Лежал ясак клеймом на хлебе
Десятой долью, как калым.
Прокаркал ворон в час затменья,
Узрел грядущего знаменья,
Терзали смутные виденья
И рок висел над ним забвенья.
Незваный гость-татарской воли
Батый пришел повелевать.
В оковы мерзкие неволи
Страну пытался заковать.
И за кумысом разговоры
Вела в шатрах монголов рать:
"Нам не нужны переговоры,
Мы будем Китеж штурмом брать."
Старинный символ русской чести
С огнем хотели повенчать.
Им гул набата предрекал о мести,
Мешал спокойно, крепко спать.
Нашли предателя-иуду,
Сомкнулись горе и беда,
Взбивала пыль тогда повсюду
Степных кочевников орда.
Остался в памяти он Гришкой
По странной кличке "Кутерьма"
Давно известно, что под пыткой
Ломает слабого тюрьма.
Какого племени и роду
Пробрался бес в его уста?
На гибель Божьему народу
Открыл заветные места.
Тропой безлюдной страшной ночью
Провел исчадье тьмы и зла,
И сердце сразу острой болью
Пронзили грешные дела.
За ту измену в поколеньях
Под тихий шелест камыша,
Приходит в новых воплощеньях,
Смердя, порочная душа.
И с диким воем у костра
Шакал в обличии волка,
Познавший обух топора,
Прощенья просит чрез века.
Но перед взором удивленным
В молитвах к Богу обратясь,
По Вере предкам осажденным
Врата открылись не таясь.
Они ушли в Миры иные,
Чтобы потомкам помогать,
И часто просят их живые
О "Светлояре" рассказать.
(Владимир Бакшеев-Сказание о Китеж-граде)

Не может быть!
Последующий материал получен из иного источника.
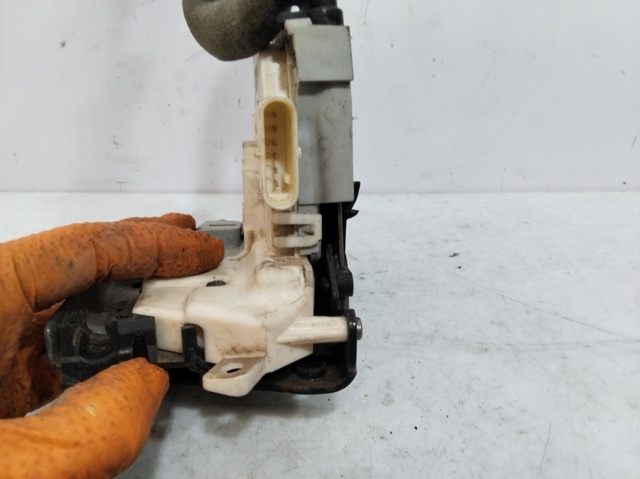 Zamek drzwi tylnych prawych 8X0839016 VAG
Не было нападения на Русь, летом тысяча двести тридцать седьмого года! Батый приведёт свои орды к зиме. Откуда здесь столько степняков? Малые отряды, для захвата полона ещё понятно, но отряд в десять тысяч сабель?

Первой мыслью было срочно бежать и кричать во весь голос. Но потом подумал, а кто поверит? Поверит один, дед Матей, и то не уверен. Не очень верит он в сказки про леших. Но надо было как-то убедить его поговорить с Гориным и Велесовым. Надо собирать армию, то-есть дружину, ополчение, наконец.
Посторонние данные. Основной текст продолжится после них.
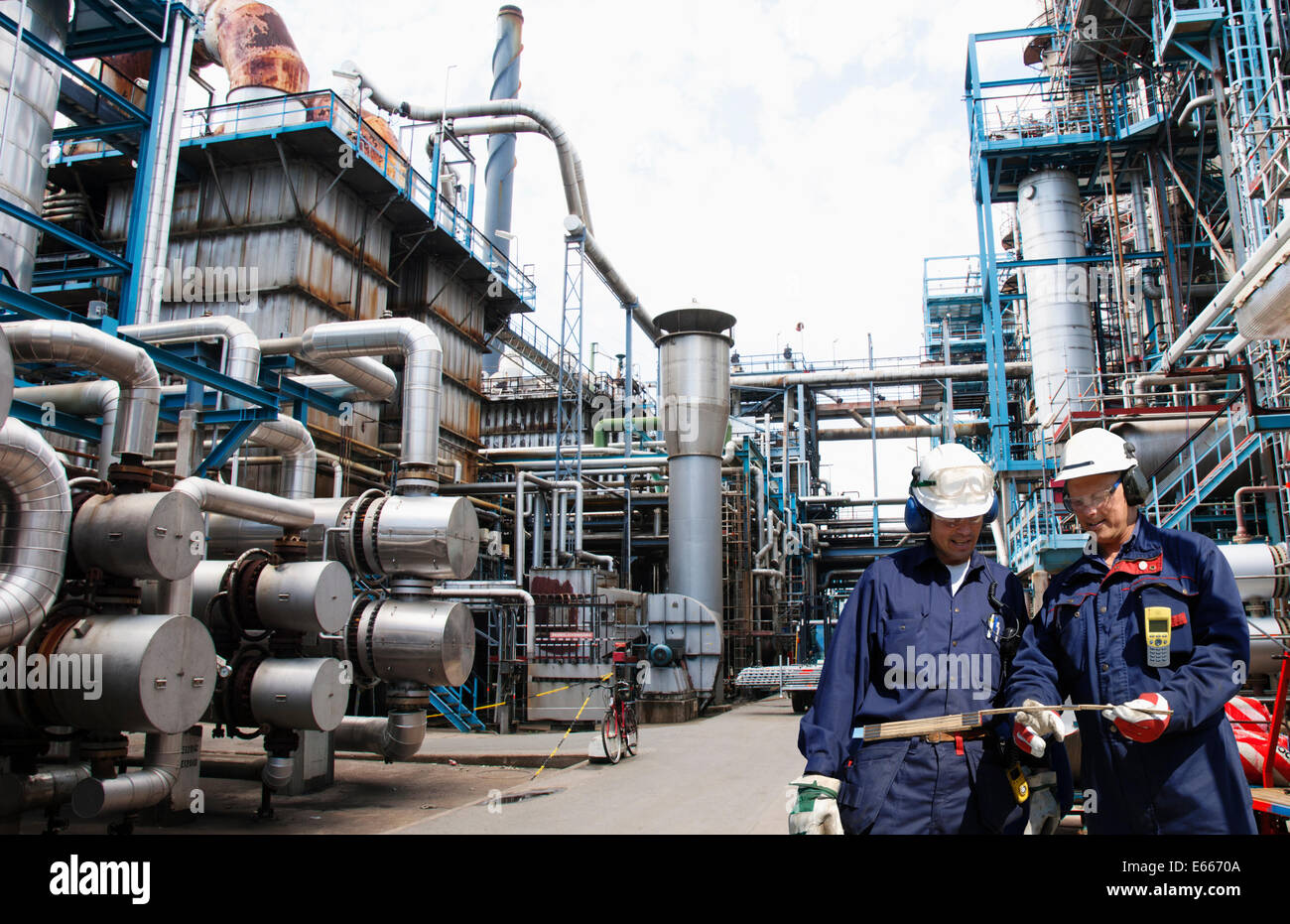 Travailleur de pétrole et de gaz de raffinerie à l'intérieur Banque D'Images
Рассветало. На поляне, у чуть дымящих кострищ, вповалку спали ратники. По краям, где ещё горели костры, сидели сторожа.

После выпитого целого котелка чая, захотелось отойти до ветру. Спавшие ратники если и поднимались по той же проблеме, то справляли нужду по малой, отойдя на пару шагов от лёжки. Мне вдруг, захотелось отойти подальше. Я поднялся и направился к кустам. Кубин молча проводил меня глазами. Протиснувшись сквозь кусты, поднялся на пригорок, зашел за сосну, потоптался, словно место не нравилось, и пошел глубже в лес. Глубоко в сознании пищала мысль, но как-то тихо, что-то вроде «Куда меня несёт?». Наконец у понравившегося дерева встал…
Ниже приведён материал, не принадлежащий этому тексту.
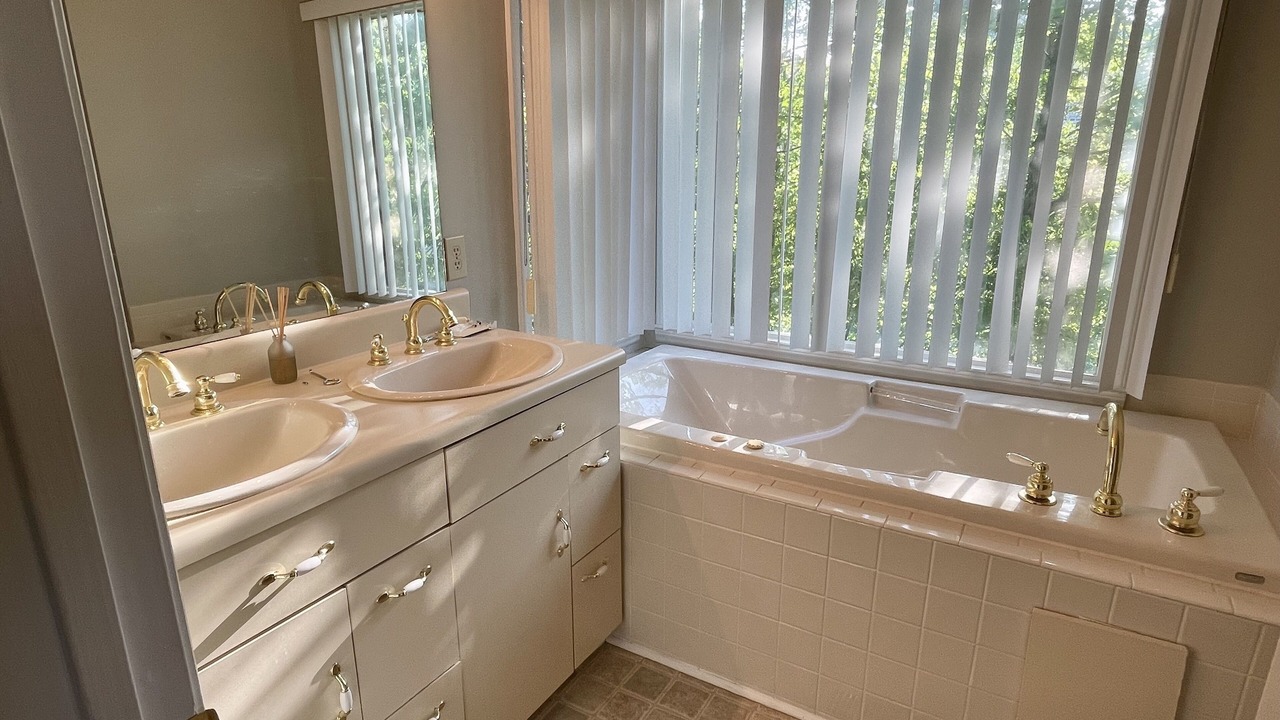 Photo of Bathroom in Leasburg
Ух. Поднял голову — напротив, на толстой ветке, сидел ворон и смотрел на меня. Я удивленно оглянулся, чего меня сюда принесло? Опять посмотрев на птицу, сказал:

— Чего пялишься, отвернись.

Ворон повернул голову и стал смотреть мне за спину. Даже сдвинулся чуть в сторону. За спиной кто-то есть? Чёрт, саблю-то оставил, идиот. Медленно достаю нож и, резко повернувшись, замираю в боевой стойке.

За спиной раздалось.

— Кгарррг!

Ну, нет, я не повернусь. Там, за той, толстенной осиной, точно кто-то есть. Негромко сказал в темноту:

— Эй! Я знаю, что ты там, выходи.

Из лесного сумрака выдвинулась тень и трансформировалась в маленького, толстенького мужичка. Русые волосы и окладистая бородка с усами, делали его похожим на Николая второго. Он остановился в трёх метрах и сцепил руки на животе.

— Кто ты?

— Осип я, хранитель этого леса. Доброе слово тебе от Кочура. Это я сюда тебя привёл. Прости. Весть плохую, просили передать. — На его лице ничего не менялось, словно со мной разговаривал не он. — Рать чужая, свирепая и жестокая идёт в эти края.

Это о чём он?

— Какая рать, поясни.

— Они себя Чингизидами назают.

Как? Монголы?

— Не понял. Ты ничего не перепутал? Какие монголы, какая рать? Не может этого быть!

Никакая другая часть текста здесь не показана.